Md. Mostafa Al Mahmud for AWS Community Builders

Posted on Jul 3 • Originally published at builder.aws.com

From Manual OAuth Onboarding to Event-Driven Sync: A Privacy-Safe Serverless Case Study

#serverless #security #oauth #eventdriven

TL;DR

This write-up is intentionally anonymized and educational. Names, identifiers, and implementation details are generalized. Code snippets are partial by design.

Why this story matters

Many data integrations start with a "quick workaround":

Share an account
Send credentials in a ticket
Manually export account IDs
Hardcode resource mappings

It works for one client, then breaks at ten.

This case study walks through how we moved from manual onboarding to a secure, low-cost serverless OAuth platform that automatically discovers analytics resources and keeps downstream relational data synchronized through event-driven streaming.

The point is not to copy a vendor-specific integration. The point is to learn the architecture and decision process so you can apply it to your own system.

The initial problem statement

We had a repeatable operational pain:

External users needed to authorize read-only access to analytics and advertising data.
Onboarding required human steps and back-and-forth communication.
Metadata lived in one place, but reporting and internal workflows relied on a relational database.
Security and privacy constraints required strict token handling.

Non-negotiable constraints

No raw OAuth tokens in app logs or primary metadata tables.
CSRF-safe OAuth flow.
Low operational overhead and low monthly cost.
Near real-time sync into Postgres for downstream consumers.
Publicly shareable architecture knowledge without exposing business logic.

Solution v1: serverless OAuth discovery pipeline

We started with a simple but strong baseline:

API Gateway for HTTPS endpoints
Lambda for orchestration and read APIs
DynamoDB for metadata and nonce state
SSM Parameter Store (SecureString) for token material
CloudWatch for observability

High-level architecture (v1)

OAuth flow with single-use state nonce

The first major security decision: treat state as one-time and time-bound.

# pseudo-code
state = uuid4()
put_item("OAuthStates", {
  "state": state,
  "created_at": now_epoch(),
  "ttl": now_epoch() + 600
})
redirect_to_provider(state=state)

On callback:

# pseudo-code
record = get_item("OAuthStates", key={"state": state})
if not record:
    return unauthorized("invalid or reused state")

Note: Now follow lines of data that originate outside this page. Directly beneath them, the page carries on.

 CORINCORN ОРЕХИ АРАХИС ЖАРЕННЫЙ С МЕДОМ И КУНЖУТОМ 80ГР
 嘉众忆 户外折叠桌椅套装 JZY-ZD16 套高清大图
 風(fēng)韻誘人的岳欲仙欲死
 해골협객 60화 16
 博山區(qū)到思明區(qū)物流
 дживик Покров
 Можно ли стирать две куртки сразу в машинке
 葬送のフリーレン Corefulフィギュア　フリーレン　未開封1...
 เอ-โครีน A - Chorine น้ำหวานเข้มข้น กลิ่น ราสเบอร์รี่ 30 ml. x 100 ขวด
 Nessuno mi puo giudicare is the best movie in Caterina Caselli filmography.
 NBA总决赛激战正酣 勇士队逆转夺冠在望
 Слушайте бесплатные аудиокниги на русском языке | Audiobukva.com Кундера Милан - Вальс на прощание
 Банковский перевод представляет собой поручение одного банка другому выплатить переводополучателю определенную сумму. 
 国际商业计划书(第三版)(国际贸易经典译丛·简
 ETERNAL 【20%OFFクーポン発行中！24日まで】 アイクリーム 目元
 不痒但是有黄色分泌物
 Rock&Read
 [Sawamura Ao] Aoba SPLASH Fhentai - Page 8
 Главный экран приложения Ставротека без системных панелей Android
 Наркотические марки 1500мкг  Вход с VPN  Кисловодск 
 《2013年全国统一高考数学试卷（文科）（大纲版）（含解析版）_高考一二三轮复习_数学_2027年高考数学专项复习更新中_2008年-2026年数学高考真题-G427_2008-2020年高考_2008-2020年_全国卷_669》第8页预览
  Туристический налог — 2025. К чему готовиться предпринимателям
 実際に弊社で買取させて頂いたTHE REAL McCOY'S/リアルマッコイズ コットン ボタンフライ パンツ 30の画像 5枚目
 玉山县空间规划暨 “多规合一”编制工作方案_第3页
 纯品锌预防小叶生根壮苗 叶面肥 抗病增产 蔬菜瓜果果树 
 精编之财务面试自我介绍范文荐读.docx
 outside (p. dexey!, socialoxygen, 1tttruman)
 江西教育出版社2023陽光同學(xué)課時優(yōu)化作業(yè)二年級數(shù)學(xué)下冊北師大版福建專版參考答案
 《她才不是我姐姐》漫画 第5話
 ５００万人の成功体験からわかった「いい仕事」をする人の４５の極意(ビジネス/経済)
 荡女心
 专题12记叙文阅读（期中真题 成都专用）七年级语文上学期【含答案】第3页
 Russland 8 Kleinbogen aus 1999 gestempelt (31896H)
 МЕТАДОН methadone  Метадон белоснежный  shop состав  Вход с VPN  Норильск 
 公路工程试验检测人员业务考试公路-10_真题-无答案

delete_item("OAuthStates", key={"state": state})  # consume once
if record.ttl < now_epoch():
    return unauthorized("state expired")

Why both TTL and explicit delete?

TTL cleanup is eventually consistent.
Explicit delete enforces one-time use immediately.

Token boundary: secrets vs metadata

A second core decision: split storage responsibilities.

Sensitive tokens -> encrypted secret store (SSM SecureString)
Non-sensitive metadata -> DynamoDB

Security impact:

Querying metadata tables never reveals token material.
Access control can differ per store.
Incident blast radius is reduced.

Why we moved away from Cognito for this specific flow

An earlier design considered using Cognito as the center of authentication and token handling.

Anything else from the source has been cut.